Static Hash Files - Different Types - What's the difference

Post questions here relative to DataStage Server Edition for such areas as Server job design, DS Basic, Routines, Job Sequences, etc.

Moderators: chulett, rschirm, roy

Post Reply
MukundShastri
Premium Member
Premium Member
Posts: 103
Joined: Tue Oct 14, 2003 4:07 am

Static Hash Files - Different Types - What's the difference

Post by MukundShastri »

In Hahs file stage when checked on "Create File" option on "input" tab and clicked on "options" tab, we see various file types . Out of these I presume , Type2(Hashed) to Type18(Hashed) are ths static hash file types.
Can anybody inform what is the difference between these 17 types of Static Hash Files ??

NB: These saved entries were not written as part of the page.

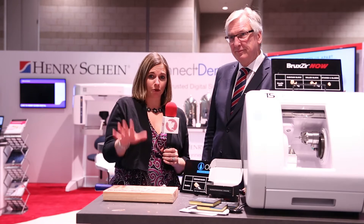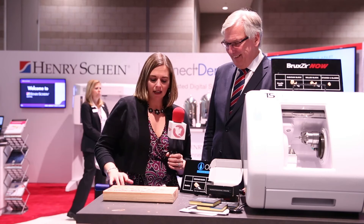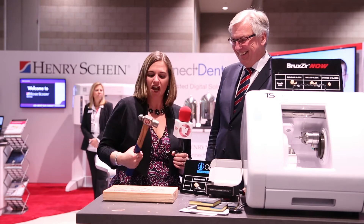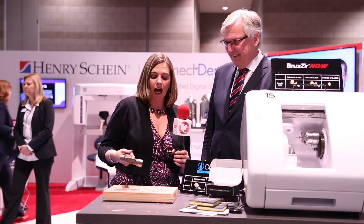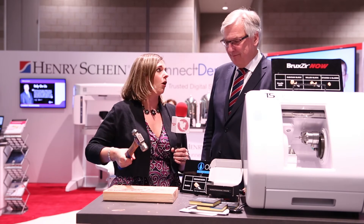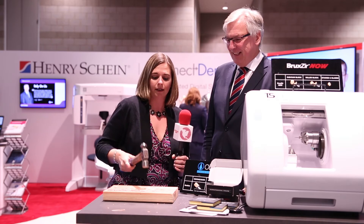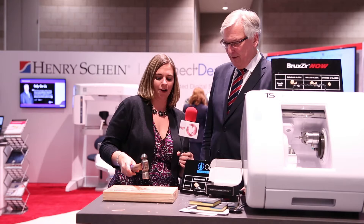Well, congratulations — this is very exciting. And you can come here to the Henry Schein Connect Dental Pavilion and do what I'm about to do. This is totally legal. I don't have to sign any waivers, right? As long as you're careful. Well, here goes nothing. We have a hammer, and we have the Bruxer crown going into a piece of wood. The idea is that it cannot be broken — I can hit this with all of my might. Here we go.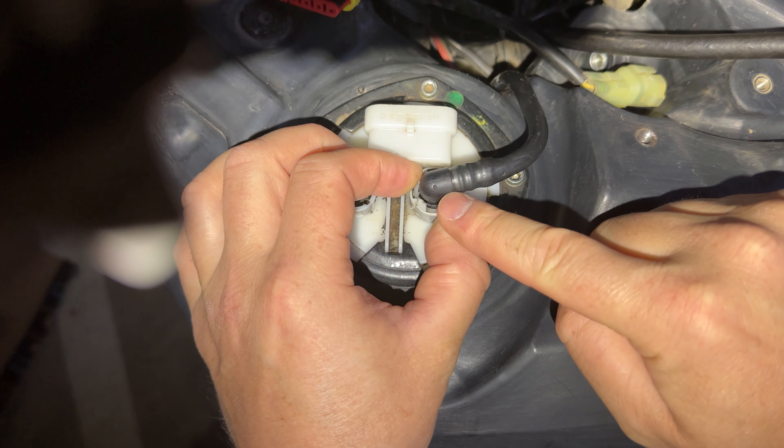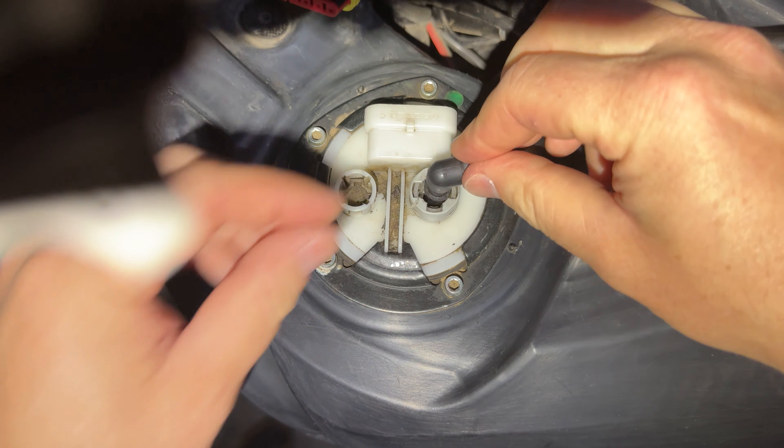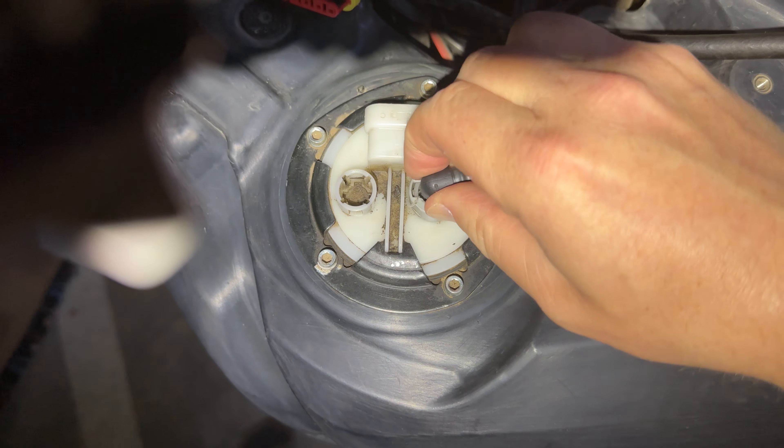Hey guys, so today I have my 2019 Ducati Multistrada 1260 Enduro here. I need to remove the tank so I can get to the air filter for maintenance, and this is my first time on this bike. I've only had it for six months so I'm not familiar with this process.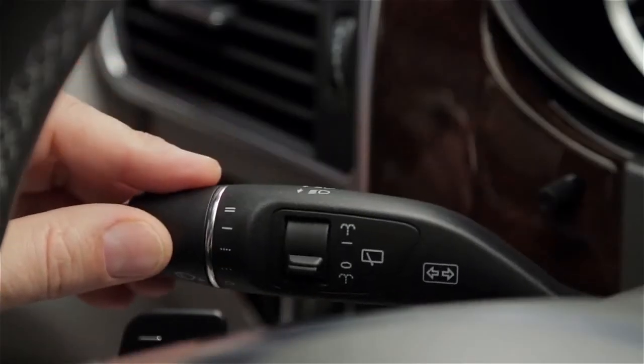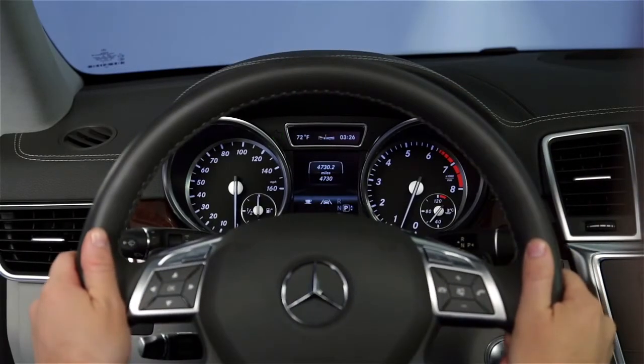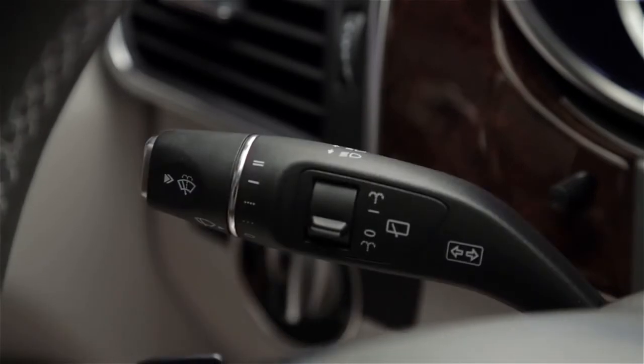If you move it past the point of resistance, the turn signal stays on. As you complete your turn, the rotation of the steering wheel returns the stalk to the off position and automatically cancels the turn signal.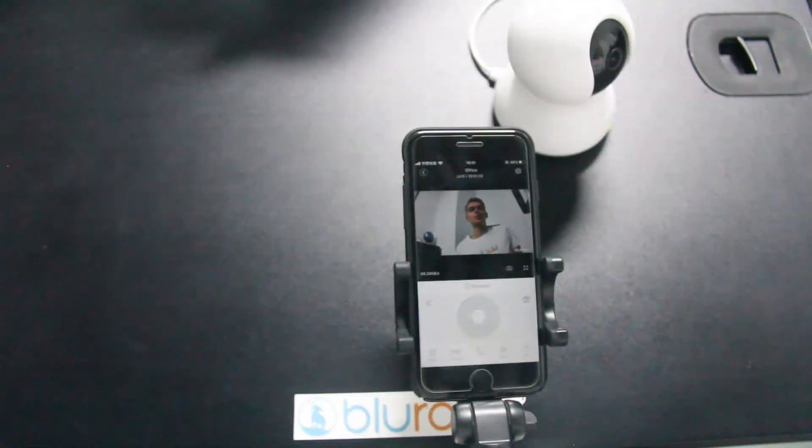We are dedicated to making everyone live carefree. If you're using a Bluerams camera, we've got you covered.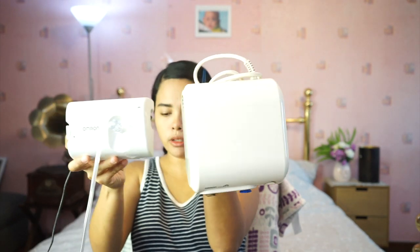This is the new one, this is the old one — obviously the old one is heavier. Now for the mist, let's try it out.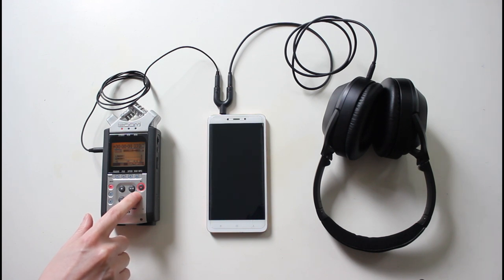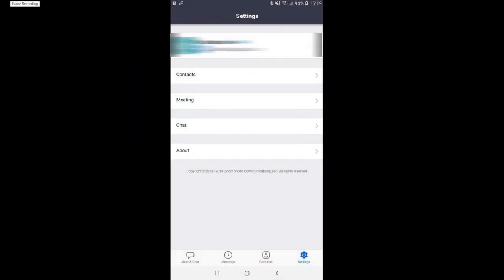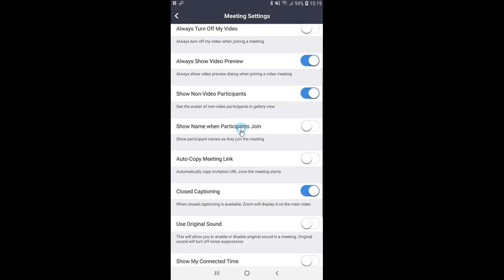If you're using your mobile device to teach on Skype, then it is not possible to set your audio setting manually. However, in the Zoom app there is a possibility to set the audio setting to its original sound, and we are going to show you how to do it. Open your Zoom app settings in your mobile device and go to the meeting menu. Click on it and scroll down until you find the 'use original sound' feature, and then turn it on. With this way you're connecting a designated external audio source to your mobile device.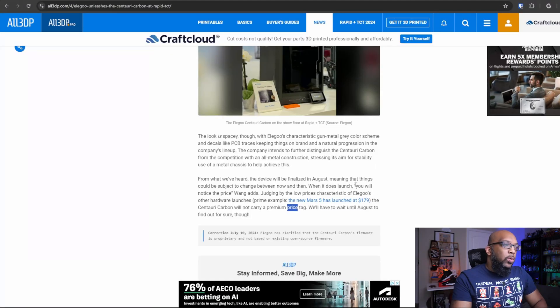They're going to have to do something to make up for that, and one of those things might be pricing. There's a quote: when it does launch, 'you will notice the price.' So if the price is low enough, maybe that'll offset the disappointment of not having a multicolor filament system — but it's got to be a really competitive price. It cannot match or exceed the P1S's price, so it can't launch at like $600. I think it should launch sub-$500, maybe $450 as a regular price, with an early bird pre-order option for an even better deal.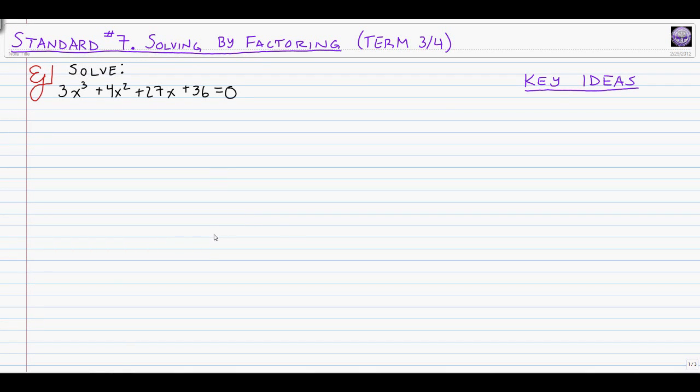Hello, good evening. Once again, this is Mr. Steele, and I'm here again trying to help you through some of the standard quiz questions on the term three and four standard quiz for algebra two at Franklin. Today I'm going to tackle standard number seven, which asks you to solve some polynomial equations, and it asks you to do it by factoring.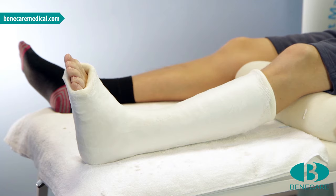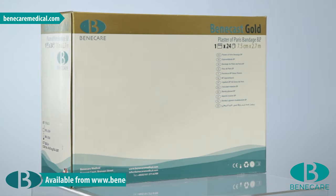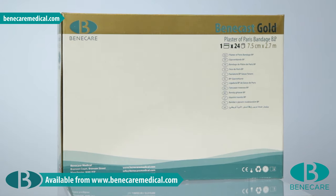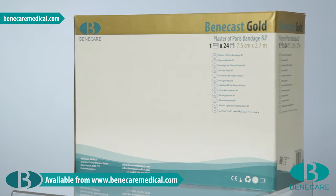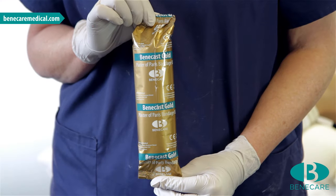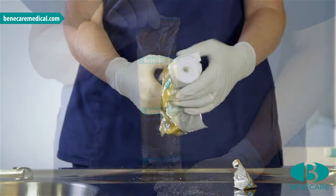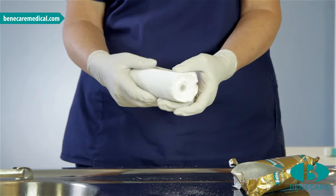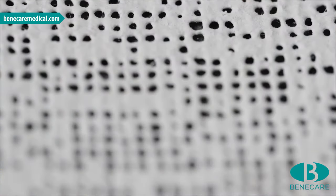Today, I am applying a below knee cast made of Benecast POP Gold. This is suitable for all ankle and foot indications. However, in addition to emergency treatment such as the application of backslabs, POP is often used for indications that require a very close moulding such as displaced fractures, talipes, or total contact casting for the treatment of diabetic foot ulcers.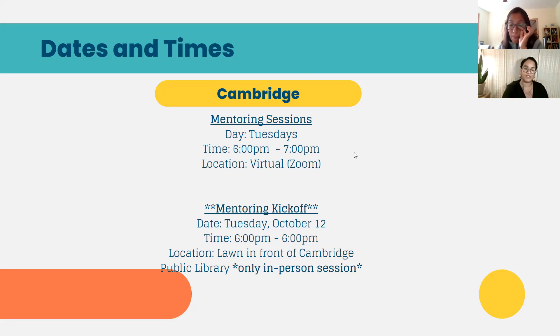Our mentoring kickoff is going to be on Tuesday, October 12th. This is going to be in person — if weather allows, we hope to be on the lawn in front of the Cambridge main public library, which is where we had our kickoff for returning students. We had candy, ice cream, and pairs got to see each other in the park and touch base and hang out. We hope you're able to do that with us on October 12th. If we're expecting really awful weather that day, we will transition to a virtual kickoff. The time is six to seven PM. We'll send you more information and details as you get matched and as we get closer to that day.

Also There is Type 25(B-Tree) file, which has name suggests is not using Hashing algorithm and do not belong to either static or dynamic hash file types. It is using B-Tree indexing as in Oracle. Please correct my understanding here.


Thanks and Regards

Mukund Shastri
gherbert
Participant
Posts: 9
Joined: Mon Mar 29, 2004 7:58 am
Location: Westboro, MA

Here's a definition of the different types...

Post by gherbert »

A file type is specified as an integer in the range 2 through 18. Each file type defines a particular algorithm applied to the (significant chars of the) primary key of each record to determine the group into which the record/data is written.

Type and Usage:
2 Static Modulo. Hashed. Wholly numeric and significant in the last 8 chars.
3 Static Modulo. Hashed. Like #2 but contains delimiter chars (* - / etc).
4 Static Modulo. Hashed. Wholly alphabetic and significant in the last 5 chars.
5 Static Modulo. Hashed. Like #4 but with the full range of ASCII chars.
6 Static Modulo. Hashed. Wholly numeric and significant in the first 8 chars.
7 Static Modulo. Hashed. Like #6 but contains delimiter chars.
8 Static Modulo. Hashed. Wholly alphabetic and significant in the first 5 chars.
9 Static Modulo. Hashed. ASCII chars and significant in the first 4 chars.
10 Static Modulo. Hashed. Wholly numeric and significant in the last 20 chars.
11 Static Modulo. Hashed. Like #10 but contains delimiter chars.
12 Static Modulo. Hashed. Wholly alphabetic and significant in the last 16 chars.
13 Static Modulo. Hashed. Like #12 but contains delimiter chars.
14 Static Modulo. Hashed. Wholly numeric, all characters significant.
15 Static Modulo. Hashed. Like #14, but contains delimiter chars.
16 Static Modulo. Hashed. Wholly alphabetic, all characters significant.
17 Static Modulo. Hashed. Like #16, but contains ASCII chars.
18 Static Modulo. Hashed. Arbitrary for, all characters significant.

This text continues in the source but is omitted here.